# Does everyone's Look bike have toe overlap with front wheel?



## rensho (Aug 5, 2003)

While building mine, I kept noticing the front wheel is terribly close to the DT. After getting the cranks on, I clipped my size 42 sidis on and what do you know... about 3/8" overlap.
I don't have the fork in backwards do I? ;-)

This is a 585, 53cm


----------



## Kram (Jan 28, 2004)

I've had 3 Looks. Never had a problem. I wear a size 44 fwiw.


----------



## ChristianB (Jul 27, 2004)

ditto, except im a 45...

No probs


----------



## rensho (Aug 5, 2003)

Might it be these giant 170mm crank arms I'm running? ;-)
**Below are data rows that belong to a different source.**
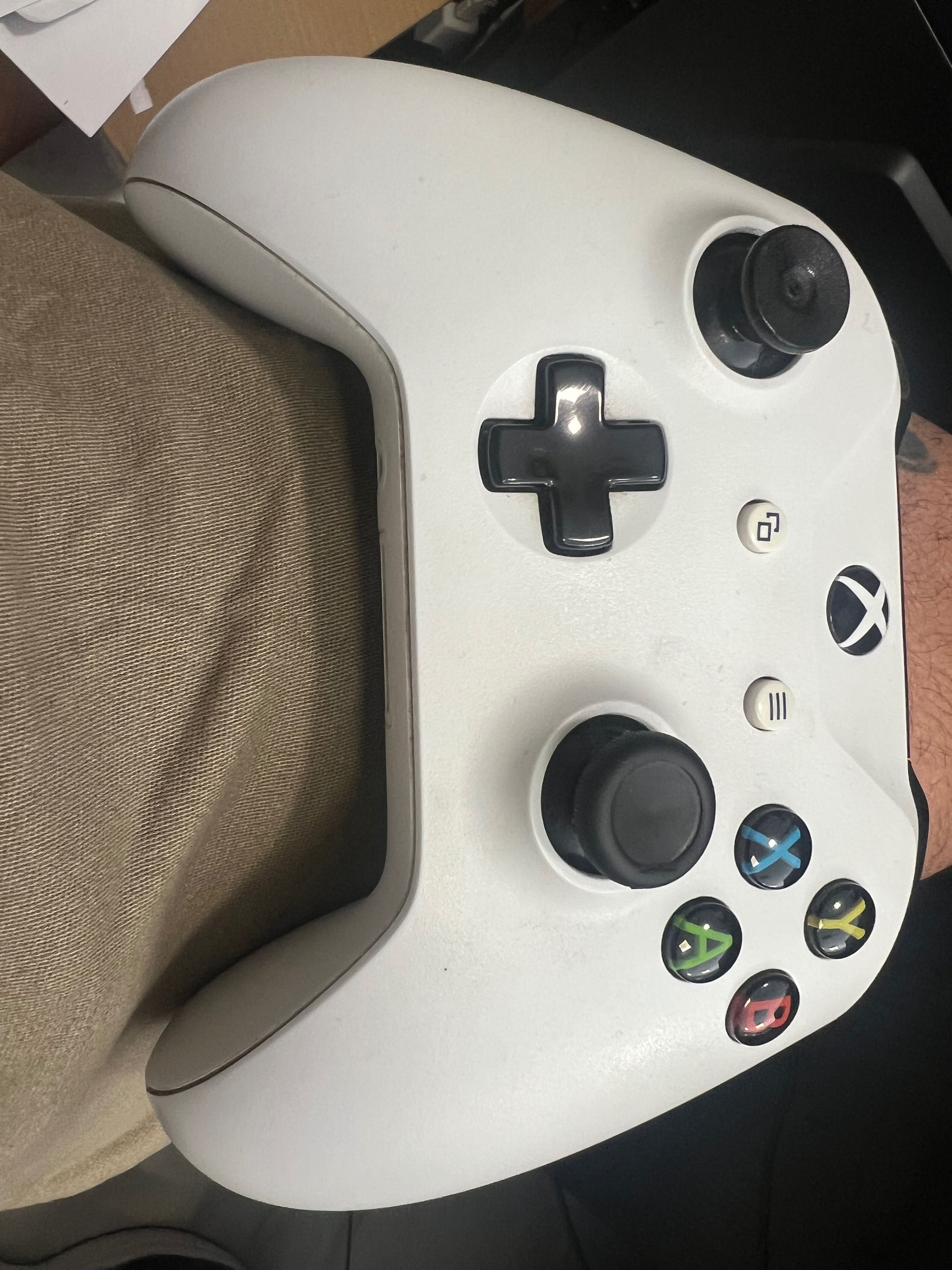 Xbox one S 1tb бартер за по нова конзола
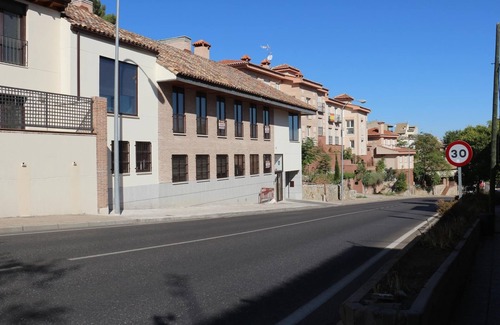 Toledo Apartment | Roca Tarpeya 4 con parking gratuito.
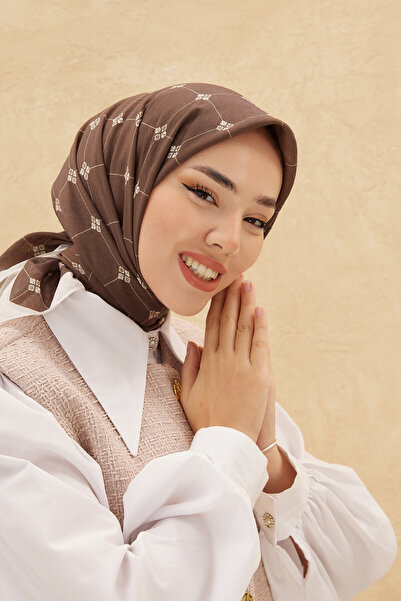 Silk Home Olinda Scarf - 48001 - 04 - Bitter Brown, Ecru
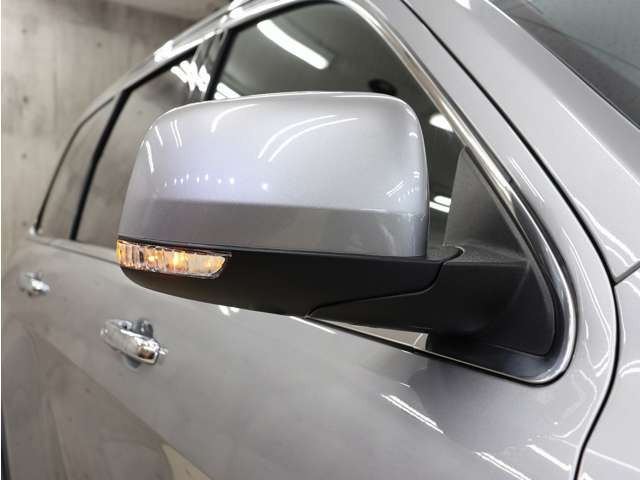 オシャレなLEDウィンカー付きドアミラーになります。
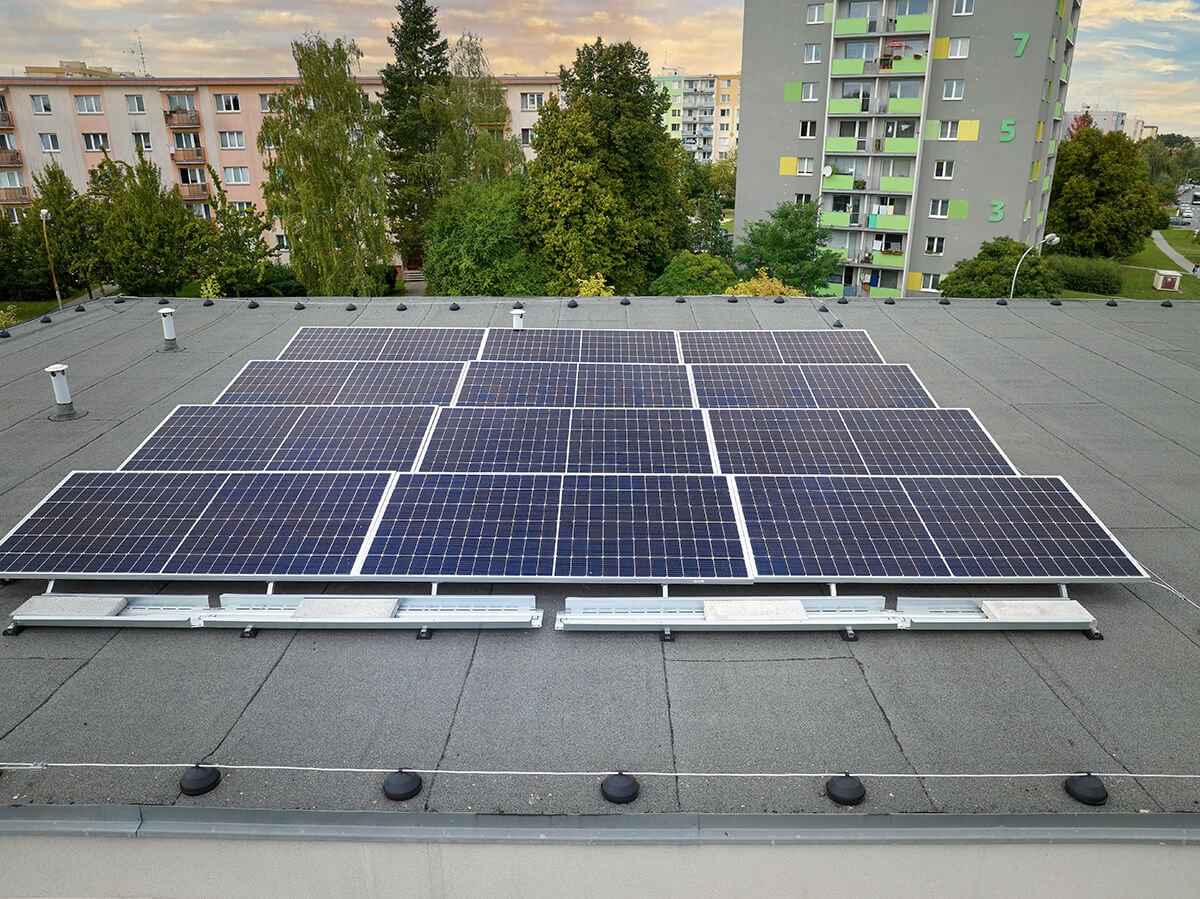 découvrez comment les panneaux photovoltaïques durables peuvent réduire votre empreinte carbone tout en générant de l'énergie renouvelable pour votre maison. optez pour une solution écologique et économique pour un avenir énergétique responsable.
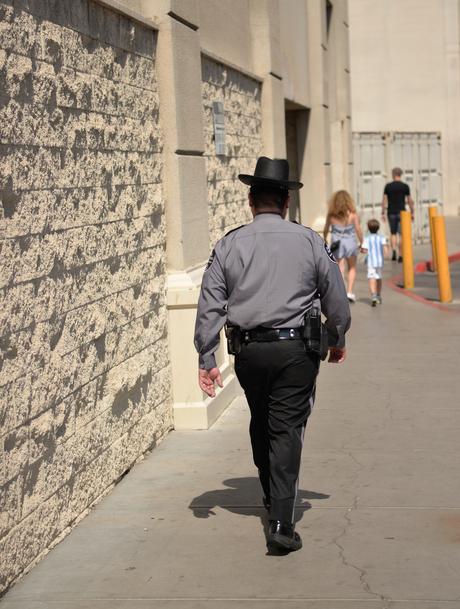In de Voetsporen van Handhaving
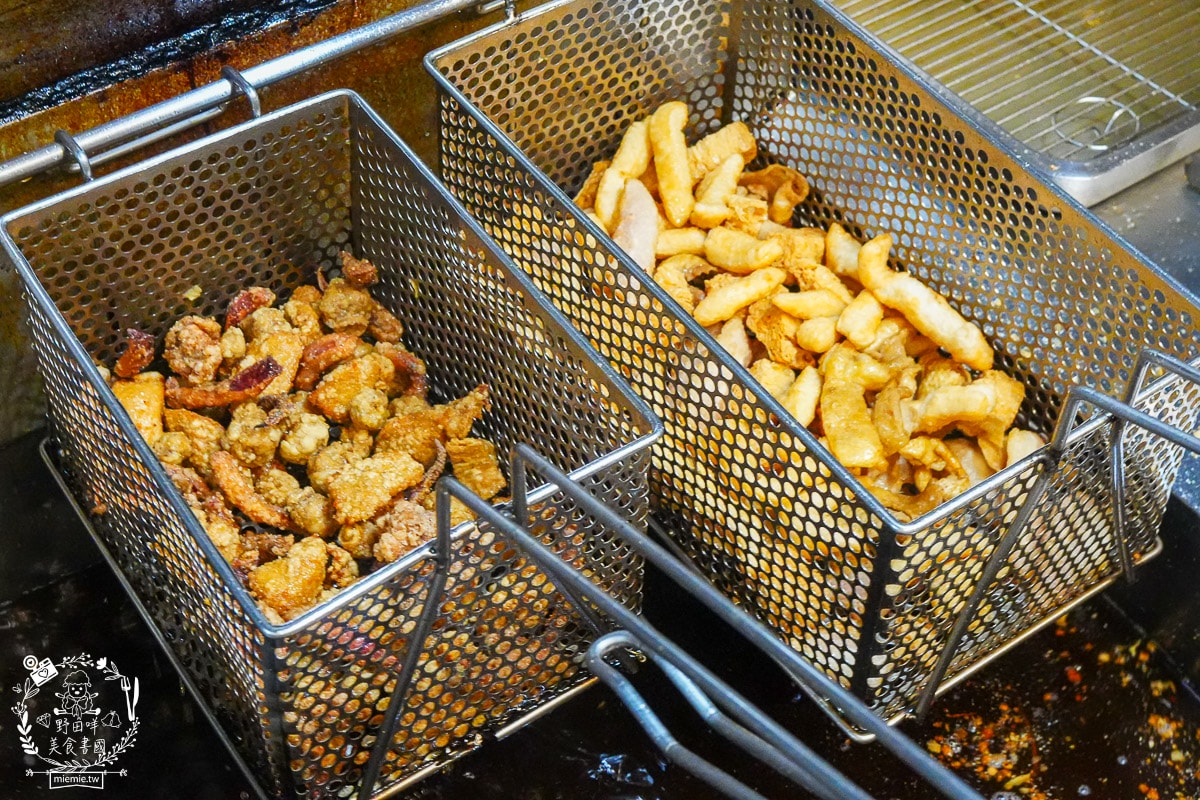 高雄苓雅鹽酥雞/鹹酥雞推薦[鹽酥紀]從屏東紅到高雄的文青鹽酥雞店!中興夜市宵夜鹽酥雞推薦!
I just put the shoe on the bike again to check. At a certain angle, toe up, they'll just clear. If toe a little down, as in heel up, they hit about 1/4 to 3/8".


----------



## RocketDog (Apr 9, 2005)

*Smaller bikes=Overlap*

Shorter your toptube, the closer the bottom bracket is to the front wheel, generally. The slacker seat tube angle many Looks have exaggerates this effect.

My Look:
53cm (53.8 toptube)
172.5 cranks
43 sidis
toe overlap... yep.

It doesn't bother me. Just have to be careful while turning at low speed. It takes me a while to adjust when I hop on my mountain bike or cross bike. I keep forgetting that I can turn sharply and pedal at the same time. Really, toe overlap not that uncommon and nothing to worry about on a road bike.


----------



## frenchmb (Dec 22, 2004)

Have two Looks both 53's and have the toe overlap.


----------



## spookyload (Jan 30, 2004)

My 53cm 481 had it bad with my size 42 shoes. The size M 585 has a slight overlap. Never caused an issue as I never turn the bars that much on a road bike while riding it.


----------



## rensho (Aug 5, 2003)

I'm not worried, just surprised.
I kinda thought only track bikes these days have overlap. Guess that's not the case.


----------